A rare 1987 Cartier London Crash sold for HK$15,616,000, or about $1,993,539, at Sotheby’s Hong Kong, setting a record as the most expensive Cartier wristwatch ever sold. The result pushed the model into a new tier of collector visibility and proved that, at the ultra-luxury level, rarity and provenance can matter far more than size or flash.
The watch drew a nine-minute bidding battle across the room, on the phones and online before a Japanese private collector won it. Sotheby’s had estimated it at HK$3.2 million to HK$6 million, so the final price more than doubled expectations. Sotheby’s said the 1987 Cartier London Crash was believed to be one of only three produced that year, while fewer than a dozen original London Crash watches were made between 1967 and 1970. That kind of scarcity is exactly what turns a watch into a trophy gift, the sort of object that signals taste instantly to anyone who knows what they are looking at.

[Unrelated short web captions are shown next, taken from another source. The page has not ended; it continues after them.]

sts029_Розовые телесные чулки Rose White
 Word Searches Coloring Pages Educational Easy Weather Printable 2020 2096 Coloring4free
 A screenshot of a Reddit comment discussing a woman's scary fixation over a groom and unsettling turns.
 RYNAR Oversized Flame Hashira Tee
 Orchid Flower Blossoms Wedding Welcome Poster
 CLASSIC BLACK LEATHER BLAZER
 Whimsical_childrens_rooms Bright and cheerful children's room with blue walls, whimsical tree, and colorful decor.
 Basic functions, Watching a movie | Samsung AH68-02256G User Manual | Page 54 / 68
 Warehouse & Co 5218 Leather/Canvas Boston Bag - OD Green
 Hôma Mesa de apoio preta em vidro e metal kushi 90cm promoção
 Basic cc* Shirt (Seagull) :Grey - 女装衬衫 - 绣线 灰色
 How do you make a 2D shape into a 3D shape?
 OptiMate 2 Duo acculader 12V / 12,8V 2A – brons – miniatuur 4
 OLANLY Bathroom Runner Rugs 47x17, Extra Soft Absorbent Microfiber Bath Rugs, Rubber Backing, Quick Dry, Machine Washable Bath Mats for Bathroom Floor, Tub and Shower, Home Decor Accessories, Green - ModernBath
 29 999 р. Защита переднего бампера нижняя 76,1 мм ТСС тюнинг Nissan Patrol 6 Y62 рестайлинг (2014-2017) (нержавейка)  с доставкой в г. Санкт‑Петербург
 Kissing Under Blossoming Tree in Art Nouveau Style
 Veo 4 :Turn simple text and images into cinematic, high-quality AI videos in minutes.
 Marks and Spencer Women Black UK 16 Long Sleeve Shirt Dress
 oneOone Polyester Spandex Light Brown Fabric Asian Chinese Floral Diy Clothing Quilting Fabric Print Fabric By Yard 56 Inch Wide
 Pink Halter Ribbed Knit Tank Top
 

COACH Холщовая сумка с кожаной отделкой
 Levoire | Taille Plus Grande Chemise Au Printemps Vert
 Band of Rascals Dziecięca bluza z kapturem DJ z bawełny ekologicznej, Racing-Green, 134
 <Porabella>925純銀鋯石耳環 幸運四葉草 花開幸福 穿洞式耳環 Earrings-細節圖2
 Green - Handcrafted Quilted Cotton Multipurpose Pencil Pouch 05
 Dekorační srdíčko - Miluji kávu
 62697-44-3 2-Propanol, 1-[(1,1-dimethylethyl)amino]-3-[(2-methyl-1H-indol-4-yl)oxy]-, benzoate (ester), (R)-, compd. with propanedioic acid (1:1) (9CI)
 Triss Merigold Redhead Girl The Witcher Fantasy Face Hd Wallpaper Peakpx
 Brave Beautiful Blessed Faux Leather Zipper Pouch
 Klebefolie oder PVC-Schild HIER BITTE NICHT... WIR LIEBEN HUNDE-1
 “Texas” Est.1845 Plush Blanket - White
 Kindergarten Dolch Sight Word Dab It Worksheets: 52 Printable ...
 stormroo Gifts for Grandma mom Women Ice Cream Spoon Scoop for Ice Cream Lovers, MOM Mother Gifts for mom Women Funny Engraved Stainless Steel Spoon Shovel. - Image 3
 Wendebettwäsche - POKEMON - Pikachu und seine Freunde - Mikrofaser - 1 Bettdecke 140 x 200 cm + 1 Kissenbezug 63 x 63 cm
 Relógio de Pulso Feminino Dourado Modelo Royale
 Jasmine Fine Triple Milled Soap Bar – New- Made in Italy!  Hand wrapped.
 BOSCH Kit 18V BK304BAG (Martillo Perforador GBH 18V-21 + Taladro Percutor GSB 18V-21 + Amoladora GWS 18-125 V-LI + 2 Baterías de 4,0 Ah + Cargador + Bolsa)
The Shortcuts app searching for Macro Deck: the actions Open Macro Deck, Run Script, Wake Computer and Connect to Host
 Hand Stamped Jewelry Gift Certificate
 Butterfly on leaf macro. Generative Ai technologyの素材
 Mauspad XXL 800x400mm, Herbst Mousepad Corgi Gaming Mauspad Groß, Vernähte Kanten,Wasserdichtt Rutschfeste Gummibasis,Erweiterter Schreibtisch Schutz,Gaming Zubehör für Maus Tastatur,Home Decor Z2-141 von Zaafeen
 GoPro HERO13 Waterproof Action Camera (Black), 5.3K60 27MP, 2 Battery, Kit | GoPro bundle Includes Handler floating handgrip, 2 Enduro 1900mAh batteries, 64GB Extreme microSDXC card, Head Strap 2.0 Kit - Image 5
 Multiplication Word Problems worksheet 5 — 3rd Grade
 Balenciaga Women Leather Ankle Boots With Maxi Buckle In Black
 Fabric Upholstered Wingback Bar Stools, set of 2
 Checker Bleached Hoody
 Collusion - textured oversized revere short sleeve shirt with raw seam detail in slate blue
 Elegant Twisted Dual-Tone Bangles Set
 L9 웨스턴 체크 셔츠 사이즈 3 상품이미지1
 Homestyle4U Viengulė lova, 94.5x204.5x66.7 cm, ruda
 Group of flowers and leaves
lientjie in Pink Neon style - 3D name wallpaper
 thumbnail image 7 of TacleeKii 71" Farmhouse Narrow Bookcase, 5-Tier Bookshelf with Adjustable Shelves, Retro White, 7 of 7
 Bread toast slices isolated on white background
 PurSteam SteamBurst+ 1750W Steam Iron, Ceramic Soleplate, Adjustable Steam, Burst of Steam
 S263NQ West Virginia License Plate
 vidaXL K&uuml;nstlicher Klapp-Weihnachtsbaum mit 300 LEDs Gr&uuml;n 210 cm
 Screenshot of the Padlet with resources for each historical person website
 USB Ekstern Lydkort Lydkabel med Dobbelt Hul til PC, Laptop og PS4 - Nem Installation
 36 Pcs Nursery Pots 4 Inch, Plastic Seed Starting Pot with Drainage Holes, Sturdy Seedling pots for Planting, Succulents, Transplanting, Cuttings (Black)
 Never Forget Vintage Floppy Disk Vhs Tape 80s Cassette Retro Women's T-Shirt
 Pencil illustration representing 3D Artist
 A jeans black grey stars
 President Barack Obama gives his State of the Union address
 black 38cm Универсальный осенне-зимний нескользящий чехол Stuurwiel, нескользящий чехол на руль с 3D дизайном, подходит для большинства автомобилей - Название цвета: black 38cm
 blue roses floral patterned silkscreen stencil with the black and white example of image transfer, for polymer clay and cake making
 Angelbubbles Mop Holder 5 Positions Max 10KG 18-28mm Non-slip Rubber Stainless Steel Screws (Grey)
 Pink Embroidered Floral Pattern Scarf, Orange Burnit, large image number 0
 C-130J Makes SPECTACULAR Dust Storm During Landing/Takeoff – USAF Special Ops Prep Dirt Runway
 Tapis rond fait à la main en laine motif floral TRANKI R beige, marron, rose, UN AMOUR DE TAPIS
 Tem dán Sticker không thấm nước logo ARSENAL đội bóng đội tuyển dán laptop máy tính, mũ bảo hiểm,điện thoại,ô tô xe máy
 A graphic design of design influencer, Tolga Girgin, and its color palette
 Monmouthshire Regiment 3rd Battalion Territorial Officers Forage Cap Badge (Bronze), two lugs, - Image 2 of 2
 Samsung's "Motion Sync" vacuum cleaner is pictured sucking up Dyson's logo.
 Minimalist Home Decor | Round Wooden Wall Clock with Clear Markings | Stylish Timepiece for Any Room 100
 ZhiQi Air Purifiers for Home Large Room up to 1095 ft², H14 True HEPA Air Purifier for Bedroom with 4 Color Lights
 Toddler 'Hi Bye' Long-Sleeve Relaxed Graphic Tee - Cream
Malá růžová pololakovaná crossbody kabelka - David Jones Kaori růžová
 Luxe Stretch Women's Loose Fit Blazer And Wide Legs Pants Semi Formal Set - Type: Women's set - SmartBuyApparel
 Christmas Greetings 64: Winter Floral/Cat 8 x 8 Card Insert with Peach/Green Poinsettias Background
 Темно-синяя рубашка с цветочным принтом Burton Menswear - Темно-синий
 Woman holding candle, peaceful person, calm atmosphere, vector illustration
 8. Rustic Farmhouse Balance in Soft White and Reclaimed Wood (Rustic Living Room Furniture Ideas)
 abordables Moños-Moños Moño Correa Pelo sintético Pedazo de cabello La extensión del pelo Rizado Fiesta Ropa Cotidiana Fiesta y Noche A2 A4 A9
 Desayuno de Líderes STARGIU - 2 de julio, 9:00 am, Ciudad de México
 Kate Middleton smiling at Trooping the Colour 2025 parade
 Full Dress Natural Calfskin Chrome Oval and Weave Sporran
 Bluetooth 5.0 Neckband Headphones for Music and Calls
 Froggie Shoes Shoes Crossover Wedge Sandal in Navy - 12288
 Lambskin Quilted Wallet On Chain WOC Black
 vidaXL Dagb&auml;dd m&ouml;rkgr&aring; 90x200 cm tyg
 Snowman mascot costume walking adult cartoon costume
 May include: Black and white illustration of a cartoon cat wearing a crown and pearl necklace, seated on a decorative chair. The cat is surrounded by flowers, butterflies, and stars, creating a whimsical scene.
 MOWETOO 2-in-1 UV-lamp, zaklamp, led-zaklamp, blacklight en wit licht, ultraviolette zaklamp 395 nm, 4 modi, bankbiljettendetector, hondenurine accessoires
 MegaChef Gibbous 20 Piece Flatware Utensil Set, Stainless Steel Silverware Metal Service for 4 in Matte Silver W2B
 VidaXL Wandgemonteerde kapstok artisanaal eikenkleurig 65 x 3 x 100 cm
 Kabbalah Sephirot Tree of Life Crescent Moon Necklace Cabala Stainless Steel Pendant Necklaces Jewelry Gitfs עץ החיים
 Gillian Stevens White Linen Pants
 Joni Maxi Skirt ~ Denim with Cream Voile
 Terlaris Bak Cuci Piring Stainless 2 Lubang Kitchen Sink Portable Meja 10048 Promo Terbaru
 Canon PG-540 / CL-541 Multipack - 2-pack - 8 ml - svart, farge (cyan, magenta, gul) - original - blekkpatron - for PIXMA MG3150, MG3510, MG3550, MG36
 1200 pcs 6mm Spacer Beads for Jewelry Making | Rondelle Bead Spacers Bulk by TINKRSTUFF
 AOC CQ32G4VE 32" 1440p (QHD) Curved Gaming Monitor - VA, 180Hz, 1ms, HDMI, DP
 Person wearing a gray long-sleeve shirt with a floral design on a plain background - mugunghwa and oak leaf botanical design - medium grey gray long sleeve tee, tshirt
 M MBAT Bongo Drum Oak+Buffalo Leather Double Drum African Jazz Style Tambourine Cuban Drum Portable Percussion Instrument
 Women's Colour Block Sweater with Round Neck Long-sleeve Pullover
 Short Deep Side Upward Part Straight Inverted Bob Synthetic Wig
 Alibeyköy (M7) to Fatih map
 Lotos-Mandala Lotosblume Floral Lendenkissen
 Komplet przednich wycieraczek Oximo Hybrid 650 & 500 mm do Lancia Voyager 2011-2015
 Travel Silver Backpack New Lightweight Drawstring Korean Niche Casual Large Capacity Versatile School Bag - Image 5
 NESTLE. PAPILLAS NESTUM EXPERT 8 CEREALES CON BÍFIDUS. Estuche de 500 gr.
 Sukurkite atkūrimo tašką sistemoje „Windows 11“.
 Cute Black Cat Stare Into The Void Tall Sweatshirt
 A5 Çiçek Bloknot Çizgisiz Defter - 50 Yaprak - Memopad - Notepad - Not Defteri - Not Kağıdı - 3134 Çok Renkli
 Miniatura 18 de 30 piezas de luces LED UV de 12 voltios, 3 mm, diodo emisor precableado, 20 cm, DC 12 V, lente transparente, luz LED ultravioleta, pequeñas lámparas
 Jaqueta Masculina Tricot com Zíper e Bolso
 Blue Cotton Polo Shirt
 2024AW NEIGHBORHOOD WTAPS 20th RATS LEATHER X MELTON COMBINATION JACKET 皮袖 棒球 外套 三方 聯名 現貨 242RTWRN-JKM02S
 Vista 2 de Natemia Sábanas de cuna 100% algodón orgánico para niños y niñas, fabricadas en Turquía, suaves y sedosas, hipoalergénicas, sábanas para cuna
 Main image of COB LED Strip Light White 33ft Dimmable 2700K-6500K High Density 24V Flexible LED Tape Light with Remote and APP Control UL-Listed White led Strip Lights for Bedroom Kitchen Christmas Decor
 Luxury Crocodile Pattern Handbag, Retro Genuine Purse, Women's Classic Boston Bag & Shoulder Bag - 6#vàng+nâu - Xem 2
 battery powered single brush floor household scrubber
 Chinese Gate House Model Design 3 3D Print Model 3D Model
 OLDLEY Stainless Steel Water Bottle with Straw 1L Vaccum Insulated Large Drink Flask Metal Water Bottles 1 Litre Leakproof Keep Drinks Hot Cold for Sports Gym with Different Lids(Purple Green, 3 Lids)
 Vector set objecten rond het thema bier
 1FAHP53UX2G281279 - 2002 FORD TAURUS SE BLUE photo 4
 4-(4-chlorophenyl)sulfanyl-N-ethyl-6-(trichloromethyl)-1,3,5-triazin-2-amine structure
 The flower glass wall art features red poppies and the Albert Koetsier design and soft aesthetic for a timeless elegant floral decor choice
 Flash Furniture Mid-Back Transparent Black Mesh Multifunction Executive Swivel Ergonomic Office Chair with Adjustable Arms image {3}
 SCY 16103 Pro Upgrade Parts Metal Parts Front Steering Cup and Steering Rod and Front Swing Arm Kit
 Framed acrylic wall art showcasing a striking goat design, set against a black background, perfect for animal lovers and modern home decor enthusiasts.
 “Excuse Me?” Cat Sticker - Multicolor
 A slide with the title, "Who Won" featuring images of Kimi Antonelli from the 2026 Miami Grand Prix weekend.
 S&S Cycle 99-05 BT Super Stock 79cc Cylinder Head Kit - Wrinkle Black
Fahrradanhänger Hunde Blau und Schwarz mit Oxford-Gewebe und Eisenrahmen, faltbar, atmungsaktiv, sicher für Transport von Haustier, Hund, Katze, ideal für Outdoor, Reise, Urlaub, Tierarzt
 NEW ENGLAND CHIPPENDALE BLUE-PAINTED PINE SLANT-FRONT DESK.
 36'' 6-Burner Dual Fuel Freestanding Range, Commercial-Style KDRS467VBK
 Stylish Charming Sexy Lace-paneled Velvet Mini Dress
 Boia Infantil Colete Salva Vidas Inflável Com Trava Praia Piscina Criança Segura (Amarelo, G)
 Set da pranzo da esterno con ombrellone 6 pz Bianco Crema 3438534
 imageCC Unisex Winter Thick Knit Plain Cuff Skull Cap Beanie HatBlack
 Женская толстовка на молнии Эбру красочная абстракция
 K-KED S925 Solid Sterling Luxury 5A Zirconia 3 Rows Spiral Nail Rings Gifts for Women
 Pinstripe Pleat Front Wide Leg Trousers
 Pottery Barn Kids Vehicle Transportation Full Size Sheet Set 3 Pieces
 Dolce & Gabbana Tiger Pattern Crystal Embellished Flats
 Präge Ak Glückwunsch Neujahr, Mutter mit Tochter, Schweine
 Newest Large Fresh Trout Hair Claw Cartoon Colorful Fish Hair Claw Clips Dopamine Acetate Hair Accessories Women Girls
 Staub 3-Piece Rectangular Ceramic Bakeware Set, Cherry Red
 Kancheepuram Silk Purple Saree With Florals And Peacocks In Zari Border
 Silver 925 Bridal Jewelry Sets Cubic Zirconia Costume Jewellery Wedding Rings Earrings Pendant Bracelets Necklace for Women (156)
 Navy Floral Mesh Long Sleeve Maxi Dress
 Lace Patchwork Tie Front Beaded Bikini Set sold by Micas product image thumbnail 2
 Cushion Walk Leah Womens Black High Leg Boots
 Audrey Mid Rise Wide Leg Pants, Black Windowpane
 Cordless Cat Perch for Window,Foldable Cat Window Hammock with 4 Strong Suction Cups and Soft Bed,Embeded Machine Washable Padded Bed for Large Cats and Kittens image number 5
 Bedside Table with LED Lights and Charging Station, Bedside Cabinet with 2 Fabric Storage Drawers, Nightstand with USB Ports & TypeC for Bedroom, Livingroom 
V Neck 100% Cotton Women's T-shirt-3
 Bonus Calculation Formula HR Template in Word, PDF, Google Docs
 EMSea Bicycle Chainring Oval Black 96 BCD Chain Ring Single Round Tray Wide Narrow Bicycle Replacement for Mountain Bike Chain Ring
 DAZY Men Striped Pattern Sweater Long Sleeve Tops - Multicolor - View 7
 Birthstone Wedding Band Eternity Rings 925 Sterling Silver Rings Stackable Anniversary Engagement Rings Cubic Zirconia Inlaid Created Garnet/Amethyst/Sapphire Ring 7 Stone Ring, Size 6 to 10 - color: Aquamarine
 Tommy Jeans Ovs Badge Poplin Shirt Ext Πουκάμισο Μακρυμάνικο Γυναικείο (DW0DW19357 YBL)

The sale also underscored how sharply the market has moved. Christie’s recorded a Cartier Crash at $819,000 on Dec. 9, 2024, a price that now looks like a milestone on the way up rather than a ceiling. Christie’s says the Crash was conceived in 1967 at Cartier’s London boutique on Bond Street, developed by Jean-Jacques Cartier and designer Rupert Emmerson, and hand-finished with Jaeger-LeCoultre caliber 841 movements. Its warped case, once a rebellious design gesture, has become one of the maison’s most legible signatures.

The watch was the standout lot in Sotheby’s broader Shapes of Cartier sale, which the house described as more than 300 timepieces and its largest and most comprehensive collection of vintage Cartier watches ever presented at auction. The Hong Kong debut included 82 pieces, all sold, and brought in $13.8 million. The wider Important Watches auction totaled $52.9 million, which Sotheby’s said was its highest watch-sale total ever and the most valuable watch auction ever held in Asia.
That result makes the Crash more than an auction headline. It is a clean lesson in what the highest-end gifting market rewards: a piece with a known story, a tiny production run, and a form so distinctive it is recognizable from across the room. In Cartier’s universe, that combination now carries a price that feels less like ornament and more like social shorthand.